Mehr als 350 Menschen sind in den vergangenen drei Monaten in Nicaragua im Konflikt zwischen regierungsnahen Paramilitärs und Polizei auf der einen Seite und Regierungskritikern auf der anderen Seite getötet worden. Zudem gab es mehr als 2000 Verletzte, Hunderte Menschen wurden inhaftiert oder sind verschwunden. Auslöser waren Massenproteste gegen die Regierung und deren Dekret zum Sozialversicherungssystem. MISEREOR unterstützt zahlreiche Projekte und Organisationen im Land, die von andauernder Gewalt und Menschenrechtsverletzungen berichten.

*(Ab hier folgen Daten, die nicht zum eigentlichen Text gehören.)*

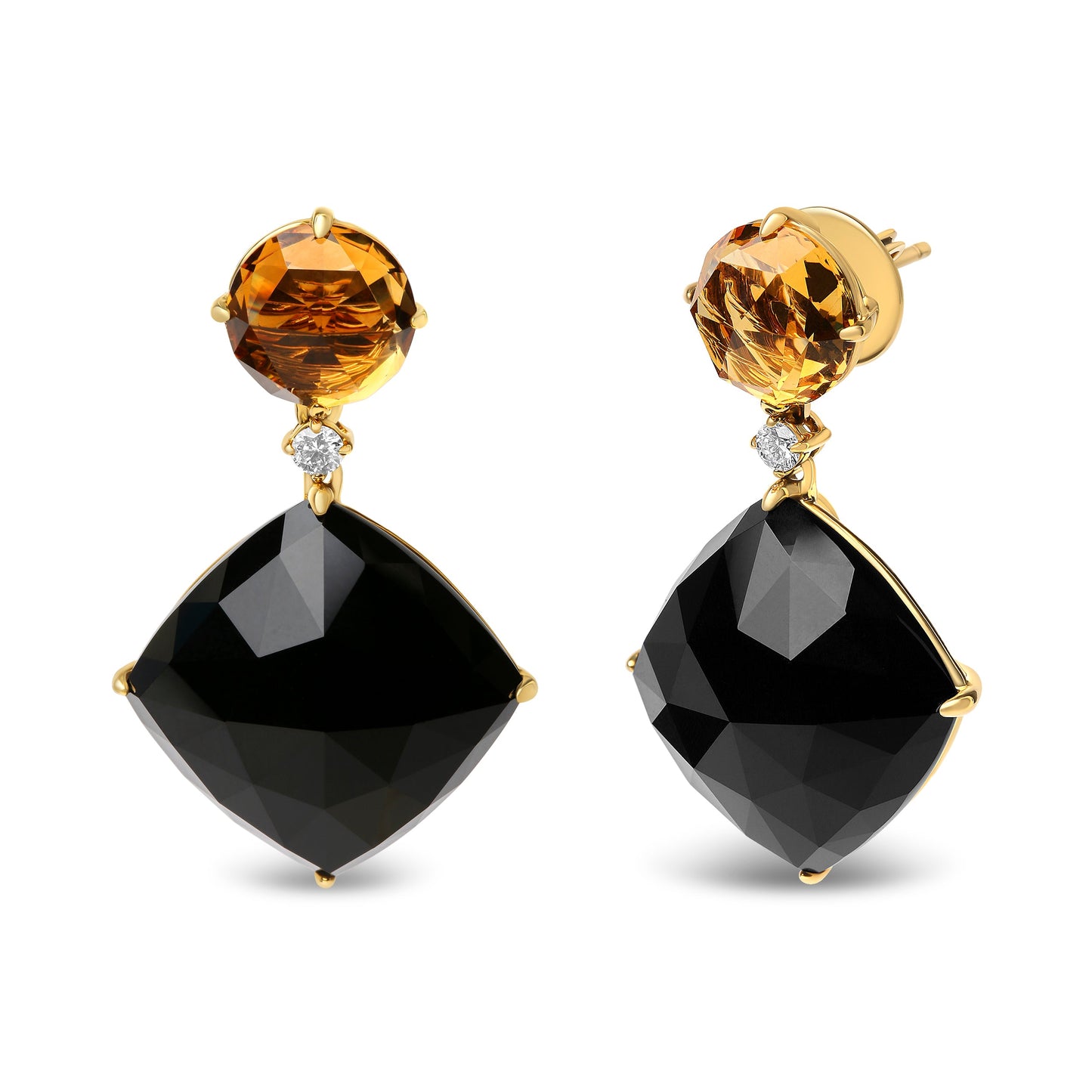 Boucles d'oreilles pendantes en or jaune 18K avec diamants et citrine onyx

„Die Situation ist beängstigend. Täglich erreichen uns von unseren Partnerorganisationen Nachrichten von gewaltsamen Überfällen auf Universitäten, Kirchen und kirchlichen Einrichtungen mit Toten und Verletzten. Die Angst, gekidnappt, verletzt oder getötet zu werden ist allgegenwärtig. Gemeinden können sich nicht mehr versammeln, die Gewalt ist ständig präsent. Dies hat mit einer Niederschlagung von Protesten nichts mehr zu tun, sondern es ist ein Kampf gegen die eigene Bevölkerung mit illegitimen Verhaftungen, Folter und Ermordungen – ein Kampf, der sich längst in einen Ausnahmenzustand verwandelt hat“, erklärt Betina Beate, Lateinamerika-Abteilungsleiterin bei MISEREOR. Abgesehen von den Dialogbemühungen der katholischen Bischofskonferenz in Nicaragua gäbe es keine ernsthaften Anstrengungen, den Konflikt zu lösen, so Betina Beate. Der internationale Druck auf die nicaraguanische Regierung müsse deshalb massiv erhöht werden, den Dialog unter Leitung der katholischen Kirche ernsthaft zu führen, die Gewalt sofort zu beenden und zu einer friedlichen und demokratischen Lösung des Konflikts zu kommen.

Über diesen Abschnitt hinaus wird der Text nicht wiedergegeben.